Extract each line of the material that follows exactly and omit its pictures.

» **Information supplied**:
....
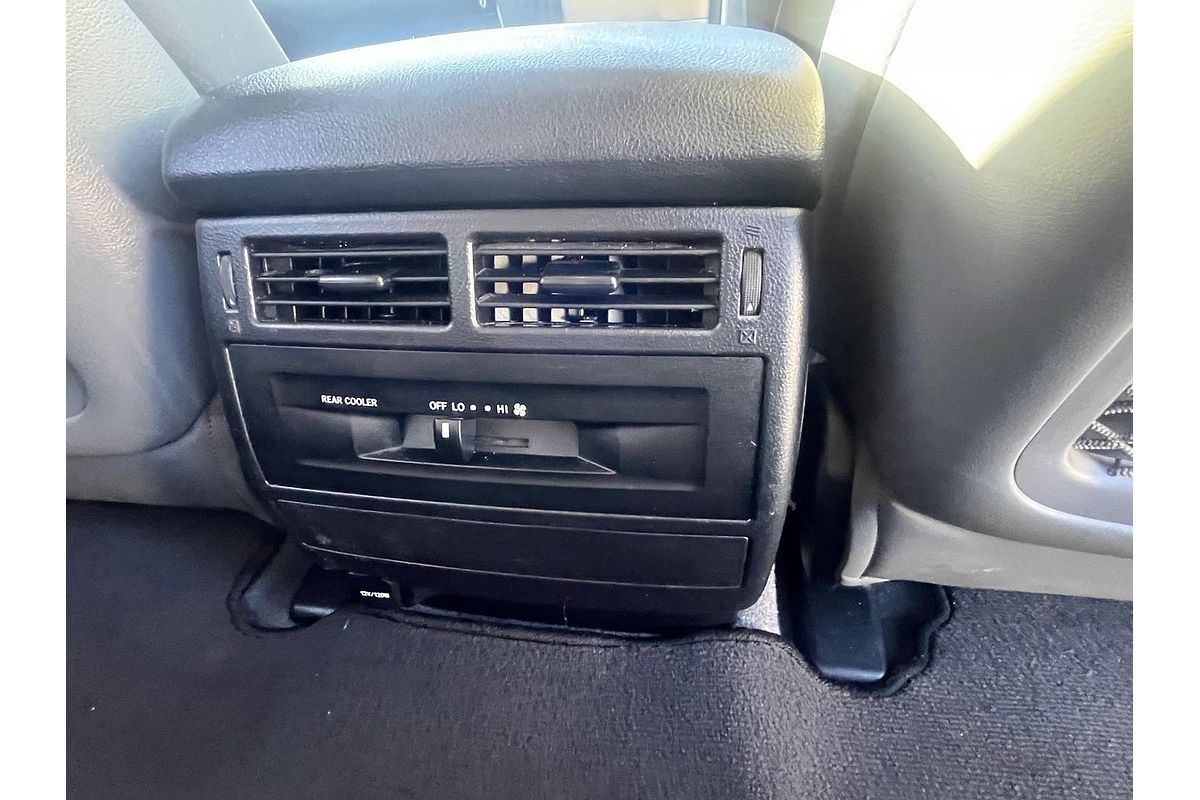 2017 Toyota Landcruiser GXL VDJ200R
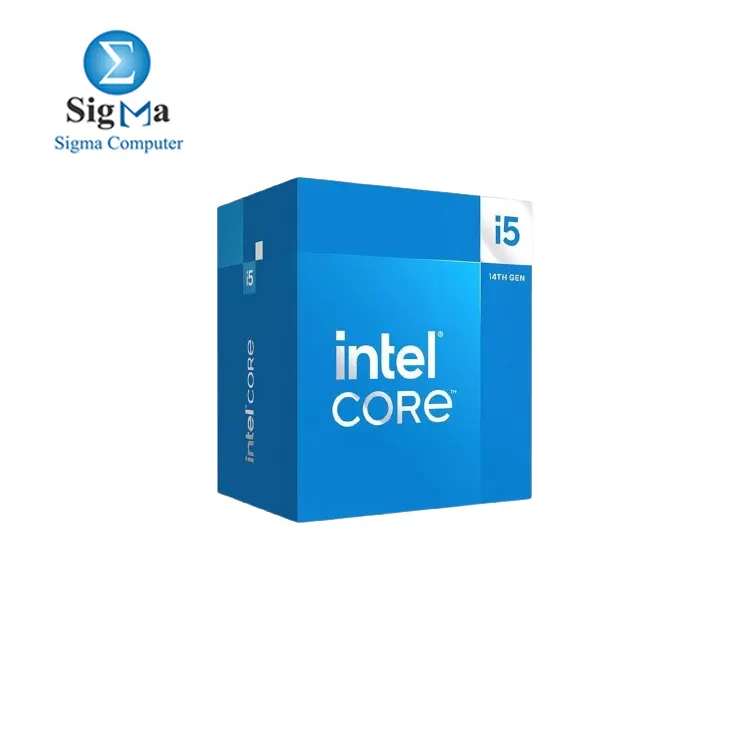 CPU-Intel-Core i5-13400F 6P+4E Core/16 Threads 2.5 GHz (4.6 GHz Turbo) Socket LGA 1700 Processor | 7699 EGP CPU-Intel-Core i5-13400F 6P+4E Core/16 Threads 2.5 GHz (4.6 GHz Turbo) Socket LGA 1700 Processor | 7699 EGP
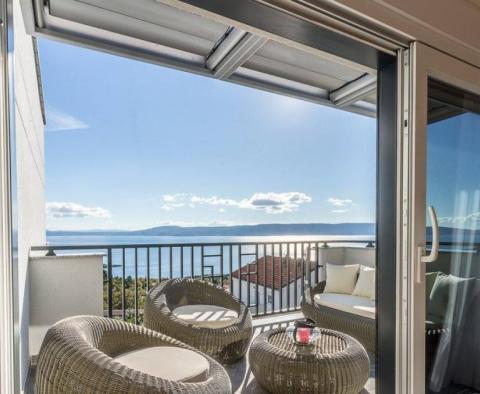 Luxusní glamour vila v Klenovici s fantastickým výhledem na moře - pic 36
....
» **Answer to this exercise**:
 2017 Toyota Landcruiser GXL VDJ200R
 CPU-Intel-Core i5-13400F 6P+4E Core/16 Threads 2.5 GHz (4.6 GHz Turbo) Socket LGA 1700 Processor | 7699 EGP CPU-Intel-Core i5-13400F 6P+4E Core/16 Threads 2.5 GHz (4.6 GHz Turbo) Socket LGA 1700 Processor | 7699 EGP
 Luxusní glamour vila v Klenovici s fantastickým výhledem na moře - pic 36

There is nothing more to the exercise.